Parallelamente anche le possibilità di attuare ed attualizzare dappertutto, concretamente, la logica liberante della legge 6/2004 e dell’amministrazione di sostegno, strumento di civiltà necessario ( anche se inevitabilmente ‘aggiornabile’, integrabile e modificabile sulla base di vent’anni di esperienze diverse ), lieve, modulabile, multiforme e, per sua natura, esso stesso insufficiente e fragile, mai definitorio e definitivo, rischia di corrodersi, affievolirsi ed inaridirsi nella burocratica apparenza della sua applicazione con disapplicazione; eppure questo stesso strumento si rivela spesso indispensabile, con la rete che può realizzare o consacrare, per superare o ridurre, curare assieme le difficoltà di ogni essere umano ‘ridotto’ nelle sue possibilità esistenziali.
Questa latitanza politica si accompagna purtroppo a quella, anche culturale, nell’organizzazione delle attività delle AG, che non sono certo aiutate – anche qui per carenze prevalentemente politiche - a valorizzare e formare adeguatamente l’attività del GT ; e, in particolar modo, quella specifica dei GT cui è affidata la protezione delle persone non autonome. Questione di scelte e, nell’organizzazione concreta dei servizi, della stessa possibilità di scelta.
Ma bisogna comunque continuare a sperare, contro ogni speranza !

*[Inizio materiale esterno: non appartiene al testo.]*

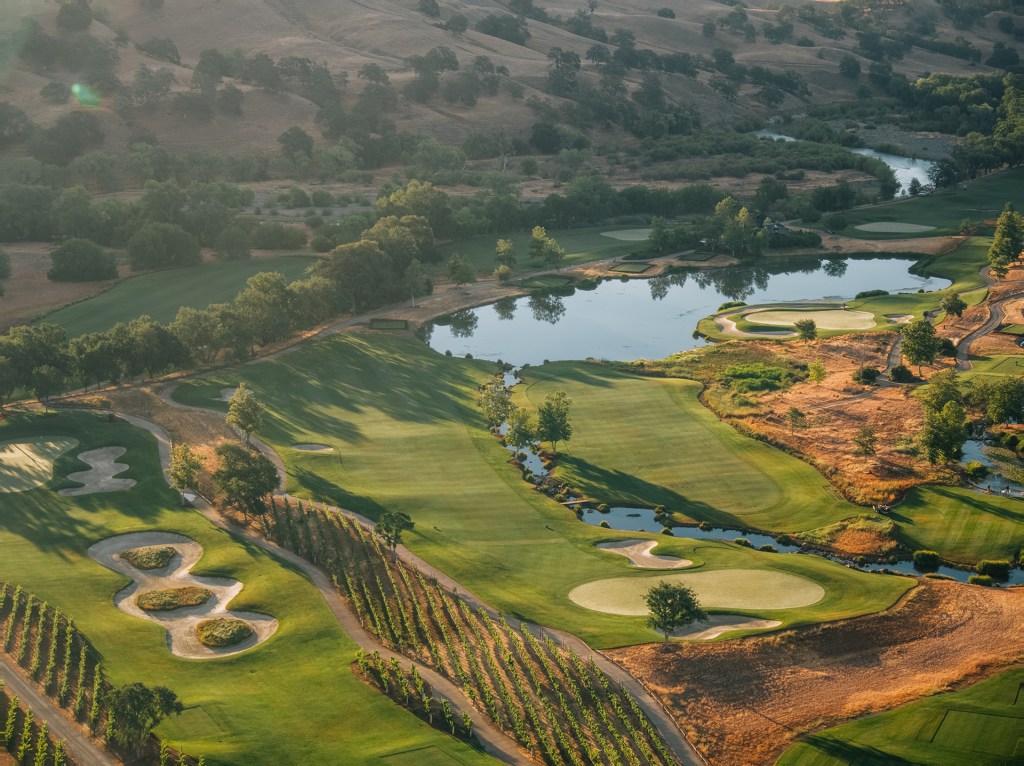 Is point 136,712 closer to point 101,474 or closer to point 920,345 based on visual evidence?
point 101,474

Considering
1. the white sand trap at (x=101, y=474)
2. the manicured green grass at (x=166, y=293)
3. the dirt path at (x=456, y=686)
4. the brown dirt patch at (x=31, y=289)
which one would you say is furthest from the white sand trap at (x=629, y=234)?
the dirt path at (x=456, y=686)

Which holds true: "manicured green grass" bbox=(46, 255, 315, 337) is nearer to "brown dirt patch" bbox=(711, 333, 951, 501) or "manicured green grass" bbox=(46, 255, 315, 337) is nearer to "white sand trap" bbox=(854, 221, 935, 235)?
"brown dirt patch" bbox=(711, 333, 951, 501)

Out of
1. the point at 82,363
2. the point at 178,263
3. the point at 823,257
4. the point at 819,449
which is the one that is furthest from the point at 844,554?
the point at 178,263

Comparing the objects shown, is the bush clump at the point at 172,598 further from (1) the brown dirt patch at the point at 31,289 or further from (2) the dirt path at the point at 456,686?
(1) the brown dirt patch at the point at 31,289

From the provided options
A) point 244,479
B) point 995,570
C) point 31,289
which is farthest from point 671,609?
point 31,289

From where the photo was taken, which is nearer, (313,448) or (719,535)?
(719,535) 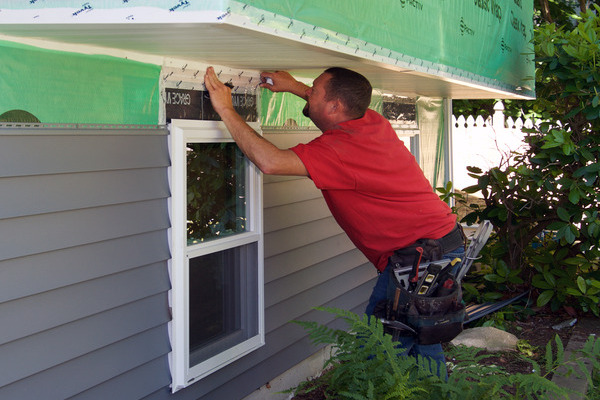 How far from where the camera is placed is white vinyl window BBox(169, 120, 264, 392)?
141 inches

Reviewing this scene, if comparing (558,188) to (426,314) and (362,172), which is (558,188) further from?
(362,172)

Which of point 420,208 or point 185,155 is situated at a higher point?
point 185,155

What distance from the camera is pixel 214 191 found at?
398cm

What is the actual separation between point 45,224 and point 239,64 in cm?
146

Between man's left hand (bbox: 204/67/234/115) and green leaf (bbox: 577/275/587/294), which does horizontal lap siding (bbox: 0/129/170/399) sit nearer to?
man's left hand (bbox: 204/67/234/115)

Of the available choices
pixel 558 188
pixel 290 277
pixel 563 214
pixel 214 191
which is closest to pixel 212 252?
pixel 214 191

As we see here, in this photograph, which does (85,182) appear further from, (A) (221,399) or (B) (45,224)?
(A) (221,399)

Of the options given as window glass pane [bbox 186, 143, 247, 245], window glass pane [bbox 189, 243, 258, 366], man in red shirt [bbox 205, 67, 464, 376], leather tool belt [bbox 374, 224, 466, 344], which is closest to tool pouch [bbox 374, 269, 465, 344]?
leather tool belt [bbox 374, 224, 466, 344]

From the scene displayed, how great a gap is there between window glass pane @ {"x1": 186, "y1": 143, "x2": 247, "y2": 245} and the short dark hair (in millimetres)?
756

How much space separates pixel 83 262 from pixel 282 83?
1.80 metres

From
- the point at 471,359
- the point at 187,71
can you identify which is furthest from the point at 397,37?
the point at 471,359

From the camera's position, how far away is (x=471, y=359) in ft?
11.1

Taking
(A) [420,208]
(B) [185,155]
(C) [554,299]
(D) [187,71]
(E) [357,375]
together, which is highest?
(D) [187,71]

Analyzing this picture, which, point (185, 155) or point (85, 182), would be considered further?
point (185, 155) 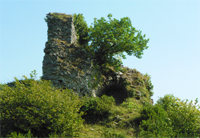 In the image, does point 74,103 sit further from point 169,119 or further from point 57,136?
point 169,119

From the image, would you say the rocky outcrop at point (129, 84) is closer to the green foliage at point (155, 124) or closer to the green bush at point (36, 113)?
the green foliage at point (155, 124)

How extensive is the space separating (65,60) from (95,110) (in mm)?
5043

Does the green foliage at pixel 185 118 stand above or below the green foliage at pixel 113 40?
below

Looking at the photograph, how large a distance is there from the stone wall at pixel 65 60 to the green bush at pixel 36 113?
448 cm

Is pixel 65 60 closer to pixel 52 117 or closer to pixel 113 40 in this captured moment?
pixel 113 40

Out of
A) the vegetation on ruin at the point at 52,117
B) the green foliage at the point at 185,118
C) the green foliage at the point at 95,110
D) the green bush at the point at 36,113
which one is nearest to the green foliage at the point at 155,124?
the vegetation on ruin at the point at 52,117

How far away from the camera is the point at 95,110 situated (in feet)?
48.1

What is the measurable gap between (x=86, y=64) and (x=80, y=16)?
11.3 m

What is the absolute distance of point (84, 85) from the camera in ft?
53.3

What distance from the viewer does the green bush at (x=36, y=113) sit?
983cm

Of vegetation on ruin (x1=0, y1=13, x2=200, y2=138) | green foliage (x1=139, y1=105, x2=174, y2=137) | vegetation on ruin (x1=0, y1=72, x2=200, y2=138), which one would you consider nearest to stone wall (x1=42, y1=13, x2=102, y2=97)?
vegetation on ruin (x1=0, y1=13, x2=200, y2=138)

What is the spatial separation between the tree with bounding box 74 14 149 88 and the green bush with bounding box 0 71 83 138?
8519 millimetres

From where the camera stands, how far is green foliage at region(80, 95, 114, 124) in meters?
14.6

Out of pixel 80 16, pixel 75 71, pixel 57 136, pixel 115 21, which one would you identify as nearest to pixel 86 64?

Pieno di voci di speranza, perfino quando descrive una tragedia, è anche il nuovo libro del Paolo Cendon romanziere – “Ombre in cerca di ascolto”- che solo in un episodio ricorre direttamente all’amministrazione di sostegno per ‘ascoltare’ le diversità di persone comunque fragili, protagoniste dei suoi racconti.
Cendon si spoglia delle vesti di grande giurista esistenziale, creativo ed immaginifico, per assumere il ruolo di scrittore ‘semplice’, tenero ed attento nel farsi ispirare dal vissuto ( concreto anche quando di fantasia ) di personaggi quali Marcus o di Claire, ma talora anche di sé stesso, ‘ascoltando ed ascoltandosi’ nella realtà o nella creazione della fantasia .
Un bel libro davvero, che raggiunge talora momenti di vera poesia; così come nelle parole di Geneviève che scende gli scalini del giardino fiorito : “non so i fiori…se preferire quelli che stanno diritti da soli….oppure quelli che si appoggiano a qualcosa…..sceglierei i secondi forse, tentano di farsi perdonare per essere poco autonomi….e ci regalano in questo modo i profumi piu’ dolci”.
In fondo in tutti gli episodi si posa sul prossimo - come dovrebbe avvenire per l’applicazione dell’amministrazione di sostegno ( ma sostanzialmente per la stessa applicazione nel singolo caso della giustizia nel diritto ) – uno sguardo ‘sincero’ : “…uno sguardo che prima di ogni cosa è uno sguardo attento, con il quale l’anima si svuota completamente del proprio contenuto per accogliere in sé l’essere che sta guardando così com’è, in tutta la sua verità. Di un simile sguardo è capace solo colui che sa prestare attenzione” (Tommaso Greco – Curare il mondo con Simone Weil, Ed. Laterza, pg. 39).